Shooting the Mafia review: Italy’s first female photojournalist looks back in anguish

Kim Longinotto weaves together the life story of a remarkable woman with an acute social portrait of Italy’s struggle with the Mafia. 

Shooting the Mafia (2019)

The life story of an extraordinarily charismatic and resolute woman interweaves with the bloody melodrama of Italy’s battle against its enemy within, in Shooting the Mafia, a meld of portraiture and social history that is as tender, humane and generous as it is harrowing. Either story – that of Letizia Battaglia, Italy’s first female photojournalist, or that of the Sicilian Mafia, whose images she dauntlessly collected – could have been riveting on its own. Combined, they form an exceptionally complex evocation of what it is to live as a woman, an artist, a journalist and a moral being in the world.

Early on there’s an overreliance on clips from fiction films, with Silvana Mangano in Anna (1951) serving as a stand-in for our youthful heroine; it’s one way of papering over a lack of footage, but it feels a touch trivialising, and also confusing, since the films aren’t identified on screen. As the documentary hits its stride, however, the personality of the now 84-year-old Battaglia asserts itself beyond question, as does the theme of how we construct our own stories. Battalgia’s fierce, solemn intelligence and bohemian glamour leap off the screen at every stage of her life – one of the film’s striking achievements is the simple chronicling of a working woman’s various self-reinventions over the bulk of the 20th century.

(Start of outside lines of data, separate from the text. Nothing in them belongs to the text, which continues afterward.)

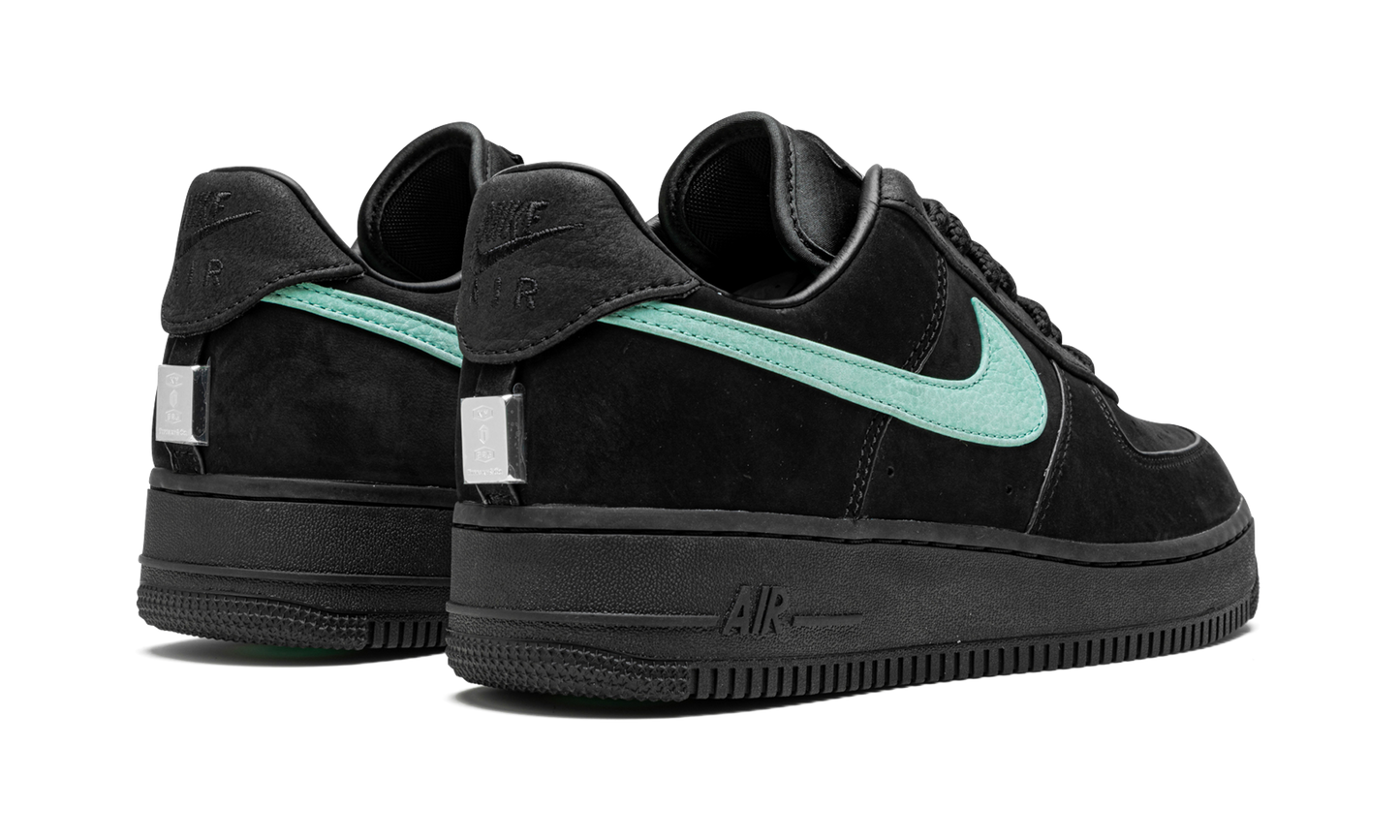 Air Force 1 Low "Tiffany and Co."
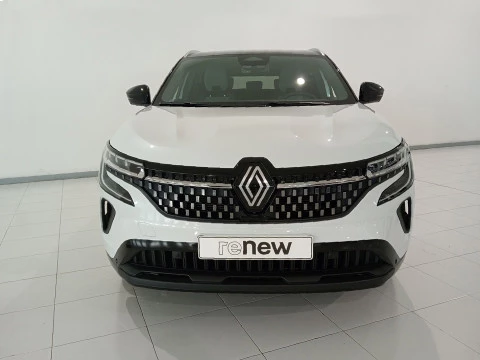 Renault Austral  Hibrido  1.2 E-Tech Hibrido Techno 146kW
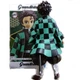 Фигурка Banpresto Танджиро Комада Клинок рассекающий демонов Tanjiro Demon Slayer 24 см&nbsp;&nbsp;DS TK 144 - изображение 6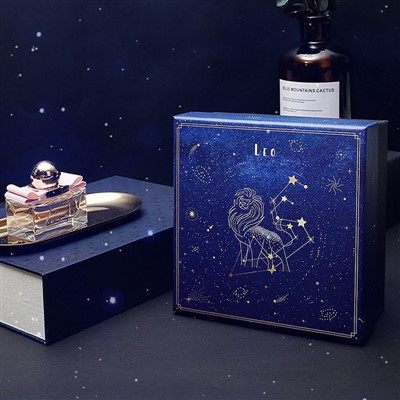 별자리 아로마 테라피 캔들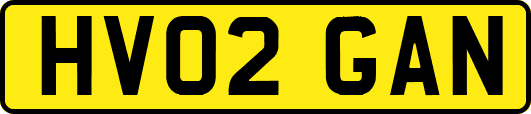 HV02GAN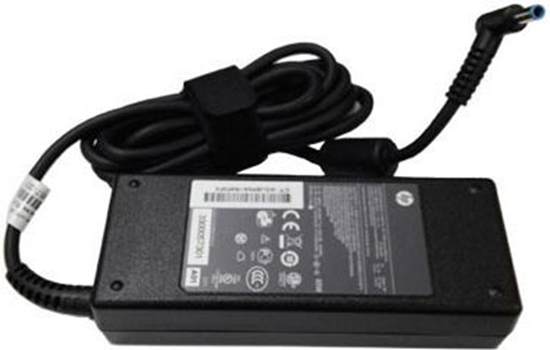 Изображение HP 710413-001 power adapter/inverter Indoor 90 W Black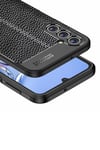 Mey İthalat®  Samsung Galaxy A05S Kılıf Auto Focus Kapak - Siyah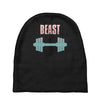 beast Baby Beanies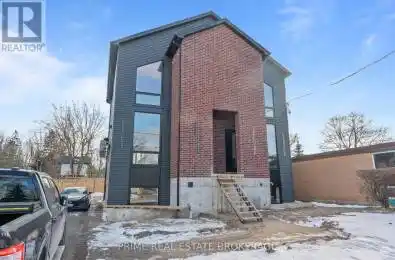 417 Baseline Road Unit# 2 London Ontario N6C2P5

However, director Kim Longinotto doesn’t hype up or overpraise Battaglia so much as let her spin her own myth and allow us to draw our own conclusions. That there is a flip side to her personal story is apparent: her daughters are thanked in the credits but not interviewed, and Battaglia won’t go further than to acknowledge the “damage” she caused them. “I could talk about it, but I don’t want to,” she says. Elsewhere, she castigates her interviewer for raising painful memories – “Why are you making me think about this?” – and memory itself for the hurt it causes. “Why do small things make us suffer our whole lives?” she asks. Of the Mafia wars she witnessed, which at their height could claim five lives a day in Palermo, she says, “You can never be truly happy when you’ve lived through that horror.”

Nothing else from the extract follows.